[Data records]
= Beginning of Section =

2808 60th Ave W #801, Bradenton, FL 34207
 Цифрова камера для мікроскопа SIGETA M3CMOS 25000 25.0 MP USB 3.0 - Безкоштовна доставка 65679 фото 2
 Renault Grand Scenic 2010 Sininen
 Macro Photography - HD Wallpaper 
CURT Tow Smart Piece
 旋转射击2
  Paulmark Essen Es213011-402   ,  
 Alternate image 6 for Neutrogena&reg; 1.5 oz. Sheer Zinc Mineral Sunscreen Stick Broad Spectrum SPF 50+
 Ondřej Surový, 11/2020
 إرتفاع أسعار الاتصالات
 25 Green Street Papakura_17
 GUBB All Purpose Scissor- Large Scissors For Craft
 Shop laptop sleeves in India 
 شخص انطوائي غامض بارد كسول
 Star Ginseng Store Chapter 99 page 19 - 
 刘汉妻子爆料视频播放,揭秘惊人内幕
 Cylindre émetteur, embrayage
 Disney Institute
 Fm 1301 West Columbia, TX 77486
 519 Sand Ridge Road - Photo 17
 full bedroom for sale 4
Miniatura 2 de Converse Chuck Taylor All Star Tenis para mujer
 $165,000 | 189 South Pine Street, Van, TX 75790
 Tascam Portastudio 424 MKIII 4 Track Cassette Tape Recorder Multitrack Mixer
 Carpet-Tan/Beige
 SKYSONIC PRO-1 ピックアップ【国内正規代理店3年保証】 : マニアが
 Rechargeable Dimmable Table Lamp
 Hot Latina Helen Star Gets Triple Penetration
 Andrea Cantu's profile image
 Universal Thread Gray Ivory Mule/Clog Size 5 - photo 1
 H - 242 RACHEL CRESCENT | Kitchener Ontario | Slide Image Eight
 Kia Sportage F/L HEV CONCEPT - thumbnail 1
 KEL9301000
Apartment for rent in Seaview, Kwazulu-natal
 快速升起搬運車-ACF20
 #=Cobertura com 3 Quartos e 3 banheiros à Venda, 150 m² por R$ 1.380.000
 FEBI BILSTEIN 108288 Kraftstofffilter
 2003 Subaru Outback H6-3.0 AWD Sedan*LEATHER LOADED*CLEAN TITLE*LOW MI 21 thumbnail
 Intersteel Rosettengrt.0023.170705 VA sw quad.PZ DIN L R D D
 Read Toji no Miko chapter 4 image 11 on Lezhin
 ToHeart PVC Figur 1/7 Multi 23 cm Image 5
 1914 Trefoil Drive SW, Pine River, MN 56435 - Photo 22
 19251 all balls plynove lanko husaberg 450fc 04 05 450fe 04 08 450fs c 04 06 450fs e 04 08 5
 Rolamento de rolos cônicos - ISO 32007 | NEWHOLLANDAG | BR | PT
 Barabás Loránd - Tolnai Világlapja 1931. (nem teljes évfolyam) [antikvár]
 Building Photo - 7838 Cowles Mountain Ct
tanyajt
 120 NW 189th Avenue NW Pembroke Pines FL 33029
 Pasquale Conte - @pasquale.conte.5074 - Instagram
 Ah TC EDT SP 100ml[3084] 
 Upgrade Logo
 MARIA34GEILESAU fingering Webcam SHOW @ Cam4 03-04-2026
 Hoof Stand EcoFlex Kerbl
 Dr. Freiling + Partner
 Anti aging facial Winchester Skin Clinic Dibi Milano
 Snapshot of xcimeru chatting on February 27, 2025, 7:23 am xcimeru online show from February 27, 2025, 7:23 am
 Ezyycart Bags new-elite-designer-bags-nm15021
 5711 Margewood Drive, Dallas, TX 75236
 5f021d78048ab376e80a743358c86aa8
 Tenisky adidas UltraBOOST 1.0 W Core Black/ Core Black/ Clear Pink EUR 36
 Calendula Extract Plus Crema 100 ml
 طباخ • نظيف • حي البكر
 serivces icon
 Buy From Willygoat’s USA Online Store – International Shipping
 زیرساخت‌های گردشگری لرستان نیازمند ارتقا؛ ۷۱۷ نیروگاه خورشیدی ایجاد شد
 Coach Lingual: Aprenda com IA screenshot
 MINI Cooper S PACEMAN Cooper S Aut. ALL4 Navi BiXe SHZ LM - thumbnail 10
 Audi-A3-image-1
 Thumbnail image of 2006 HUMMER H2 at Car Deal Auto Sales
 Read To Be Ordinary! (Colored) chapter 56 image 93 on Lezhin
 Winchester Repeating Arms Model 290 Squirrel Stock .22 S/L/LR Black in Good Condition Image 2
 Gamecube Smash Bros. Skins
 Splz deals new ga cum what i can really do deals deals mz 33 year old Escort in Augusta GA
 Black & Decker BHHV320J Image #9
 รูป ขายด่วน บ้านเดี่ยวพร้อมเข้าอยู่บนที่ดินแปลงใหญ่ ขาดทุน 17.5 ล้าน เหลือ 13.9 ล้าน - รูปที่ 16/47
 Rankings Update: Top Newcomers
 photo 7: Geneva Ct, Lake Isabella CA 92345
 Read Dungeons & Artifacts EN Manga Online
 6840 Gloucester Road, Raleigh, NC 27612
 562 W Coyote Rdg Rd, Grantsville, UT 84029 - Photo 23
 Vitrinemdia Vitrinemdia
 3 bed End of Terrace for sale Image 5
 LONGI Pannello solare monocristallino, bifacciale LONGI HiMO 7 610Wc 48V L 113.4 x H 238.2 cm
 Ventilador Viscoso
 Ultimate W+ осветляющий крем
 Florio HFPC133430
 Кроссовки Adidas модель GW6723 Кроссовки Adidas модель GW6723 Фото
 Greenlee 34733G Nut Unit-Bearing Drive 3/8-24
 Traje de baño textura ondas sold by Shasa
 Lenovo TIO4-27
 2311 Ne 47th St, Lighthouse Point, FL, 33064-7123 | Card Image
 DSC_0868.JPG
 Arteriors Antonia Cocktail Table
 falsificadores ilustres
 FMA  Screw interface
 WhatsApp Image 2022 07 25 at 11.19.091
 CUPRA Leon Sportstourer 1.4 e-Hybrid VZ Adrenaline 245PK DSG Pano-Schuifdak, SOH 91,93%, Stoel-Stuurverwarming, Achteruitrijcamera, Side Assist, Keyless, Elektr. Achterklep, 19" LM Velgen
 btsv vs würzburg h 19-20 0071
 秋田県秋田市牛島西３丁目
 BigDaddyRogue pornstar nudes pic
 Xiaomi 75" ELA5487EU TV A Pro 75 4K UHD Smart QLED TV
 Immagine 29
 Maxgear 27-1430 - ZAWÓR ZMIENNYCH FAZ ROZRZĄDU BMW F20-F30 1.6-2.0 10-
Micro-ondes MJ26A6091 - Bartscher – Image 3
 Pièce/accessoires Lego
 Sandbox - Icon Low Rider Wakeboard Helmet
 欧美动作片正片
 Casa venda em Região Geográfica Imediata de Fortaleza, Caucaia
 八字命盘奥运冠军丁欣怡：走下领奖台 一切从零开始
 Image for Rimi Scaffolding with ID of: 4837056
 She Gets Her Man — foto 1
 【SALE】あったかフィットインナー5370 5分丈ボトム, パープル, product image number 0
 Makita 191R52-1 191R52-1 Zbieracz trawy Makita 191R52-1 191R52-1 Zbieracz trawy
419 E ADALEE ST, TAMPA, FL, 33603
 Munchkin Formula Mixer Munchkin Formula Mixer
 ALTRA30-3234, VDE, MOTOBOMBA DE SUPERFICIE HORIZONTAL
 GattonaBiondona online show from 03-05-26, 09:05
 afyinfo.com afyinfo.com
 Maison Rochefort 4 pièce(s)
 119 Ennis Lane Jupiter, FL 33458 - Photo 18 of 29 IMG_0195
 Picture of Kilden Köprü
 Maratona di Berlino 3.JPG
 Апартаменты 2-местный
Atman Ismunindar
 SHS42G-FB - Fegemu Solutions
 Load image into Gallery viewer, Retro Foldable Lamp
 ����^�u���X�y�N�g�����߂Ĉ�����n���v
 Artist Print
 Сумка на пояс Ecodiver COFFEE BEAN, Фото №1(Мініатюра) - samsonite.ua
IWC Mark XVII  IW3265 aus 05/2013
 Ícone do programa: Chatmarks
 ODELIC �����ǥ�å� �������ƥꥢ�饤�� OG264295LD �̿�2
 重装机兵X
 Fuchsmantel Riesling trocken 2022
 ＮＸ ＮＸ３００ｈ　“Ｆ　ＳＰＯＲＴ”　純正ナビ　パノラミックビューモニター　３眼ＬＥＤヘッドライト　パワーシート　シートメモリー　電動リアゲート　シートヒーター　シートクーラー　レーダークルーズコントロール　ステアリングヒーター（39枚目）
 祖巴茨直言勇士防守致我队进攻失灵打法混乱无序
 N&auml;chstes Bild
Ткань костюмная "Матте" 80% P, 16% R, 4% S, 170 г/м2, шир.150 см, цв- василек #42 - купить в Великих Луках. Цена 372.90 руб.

= End of Section =

Task objective
Out of the data above, set down the lines from the one with "FEBI BILSTEIN 108288 Kraftstofffilter" to the one with "Black & Decker BHHV320J Image #9", both included, exactly as written and with no additions.

Task result
 FEBI BILSTEIN 108288 Kraftstofffilter
 2003 Subaru Outback H6-3.0 AWD Sedan*LEATHER LOADED*CLEAN TITLE*LOW MI 21 thumbnail
 Intersteel Rosettengrt.0023.170705 VA sw quad.PZ DIN L R D D
 Read Toji no Miko chapter 4 image 11 on Lezhin
 ToHeart PVC Figur 1/7 Multi 23 cm Image 5
 1914 Trefoil Drive SW, Pine River, MN 56435 - Photo 22
 19251 all balls plynove lanko husaberg 450fc 04 05 450fe 04 08 450fs c 04 06 450fs e 04 08 5
 Rolamento de rolos cônicos - ISO 32007 | NEWHOLLANDAG | BR | PT
 Barabás Loránd - Tolnai Világlapja 1931. (nem teljes évfolyam) [antikvár]
 Building Photo - 7838 Cowles Mountain Ct
tanyajt
 120 NW 189th Avenue NW Pembroke Pines FL 33029
 Pasquale Conte - @pasquale.conte.5074 - Instagram
 Ah TC EDT SP 100ml[3084] 
 Upgrade Logo
 MARIA34GEILESAU fingering Webcam SHOW @ Cam4 03-04-2026
 Hoof Stand EcoFlex Kerbl
 Dr. Freiling + Partner
 Anti aging facial Winchester Skin Clinic Dibi Milano
 Snapshot of xcimeru chatting on February 27, 2025, 7:23 am xcimeru online show from February 27, 2025, 7:23 am
 Ezyycart Bags new-elite-designer-bags-nm15021
 5711 Margewood Drive, Dallas, TX 75236
 5f021d78048ab376e80a743358c86aa8
 Tenisky adidas UltraBOOST 1.0 W Core Black/ Core Black/ Clear Pink EUR 36
 Calendula Extract Plus Crema 100 ml
 طباخ • نظيف • حي البكر
 serivces icon
 Buy From Willygoat’s USA Online Store – International Shipping
 زیرساخت‌های گردشگری لرستان نیازمند ارتقا؛ ۷۱۷ نیروگاه خورشیدی ایجاد شد
 Coach Lingual: Aprenda com IA screenshot
 MINI Cooper S PACEMAN Cooper S Aut. ALL4 Navi BiXe SHZ LM - thumbnail 10
 Audi-A3-image-1
 Thumbnail image of 2006 HUMMER H2 at Car Deal Auto Sales
 Read To Be Ordinary! (Colored) chapter 56 image 93 on Lezhin
 Winchester Repeating Arms Model 290 Squirrel Stock .22 S/L/LR Black in Good Condition Image 2
 Gamecube Smash Bros. Skins
 Splz deals new ga cum what i can really do deals deals mz 33 year old Escort in Augusta GA
 Black & Decker BHHV320J Image #9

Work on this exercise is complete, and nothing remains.